▶ [What the exercise asks]: From the first line to the last, retype everything below exactly, minus the pictures.

▶ [Dataset excerpt]:

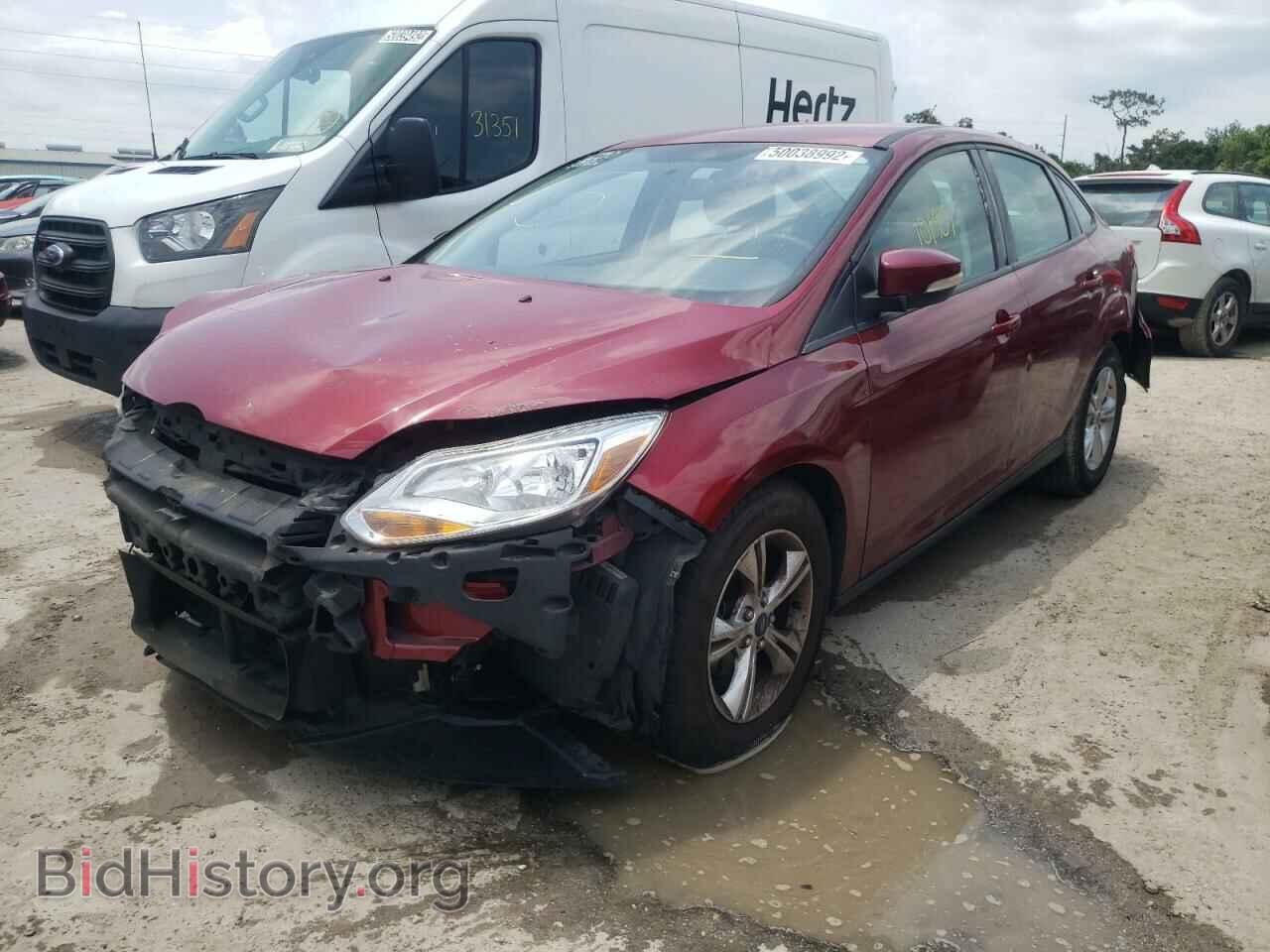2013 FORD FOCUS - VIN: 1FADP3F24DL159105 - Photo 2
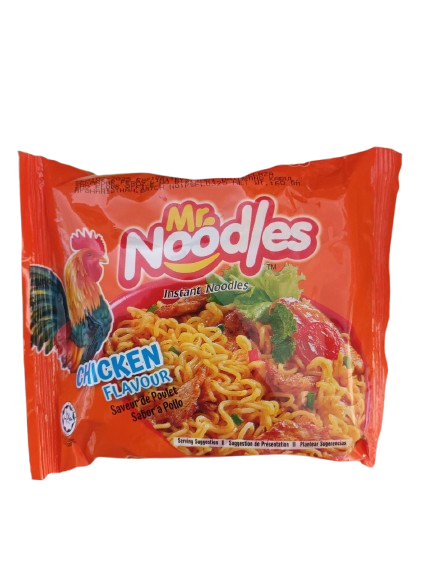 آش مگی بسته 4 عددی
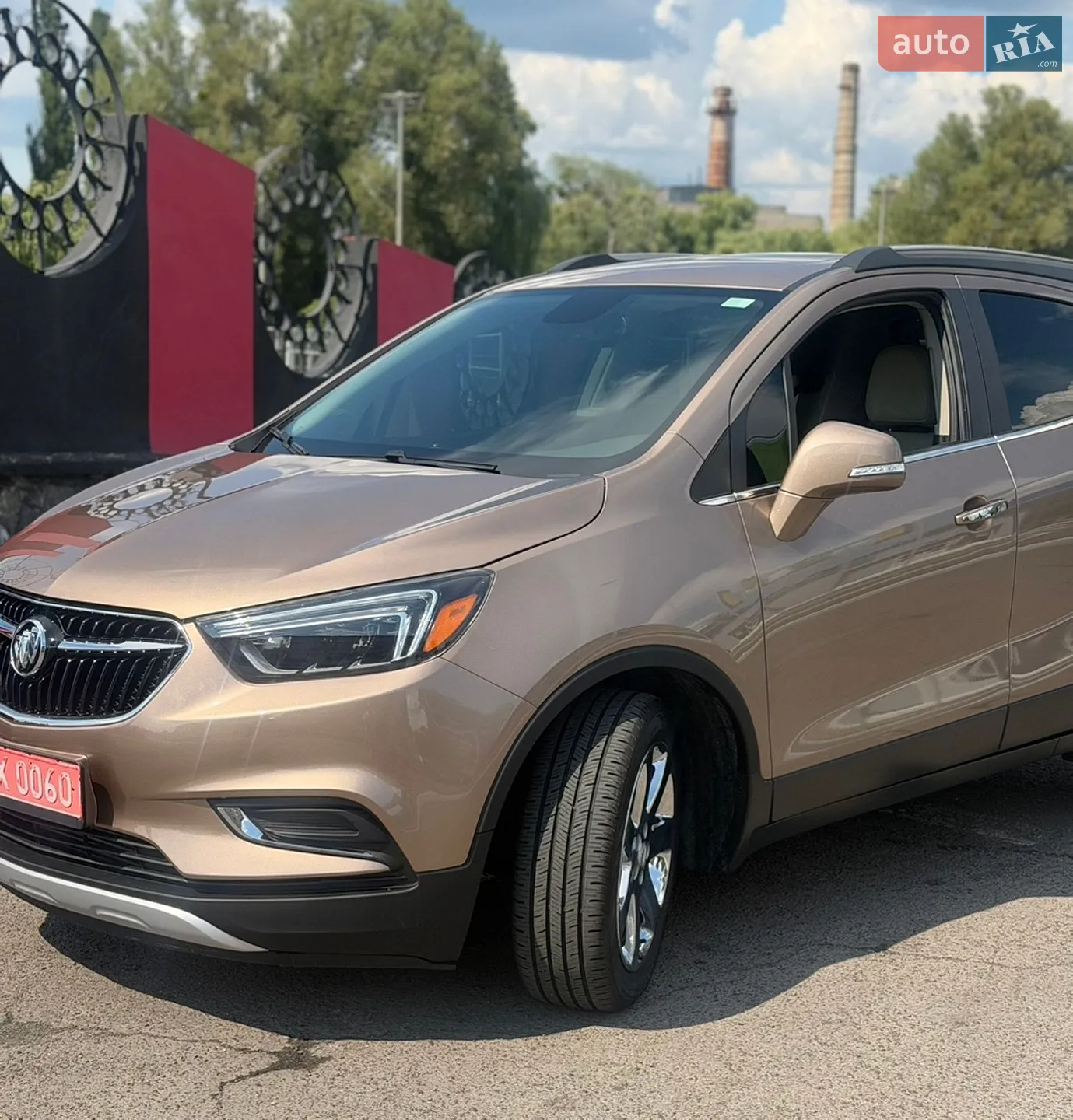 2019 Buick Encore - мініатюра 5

▶ [Solution]:
2013 FORD FOCUS - VIN: 1FADP3F24DL159105 - Photo 2
 آش مگی بسته 4 عددی
 2019 Buick Encore - мініатюра 5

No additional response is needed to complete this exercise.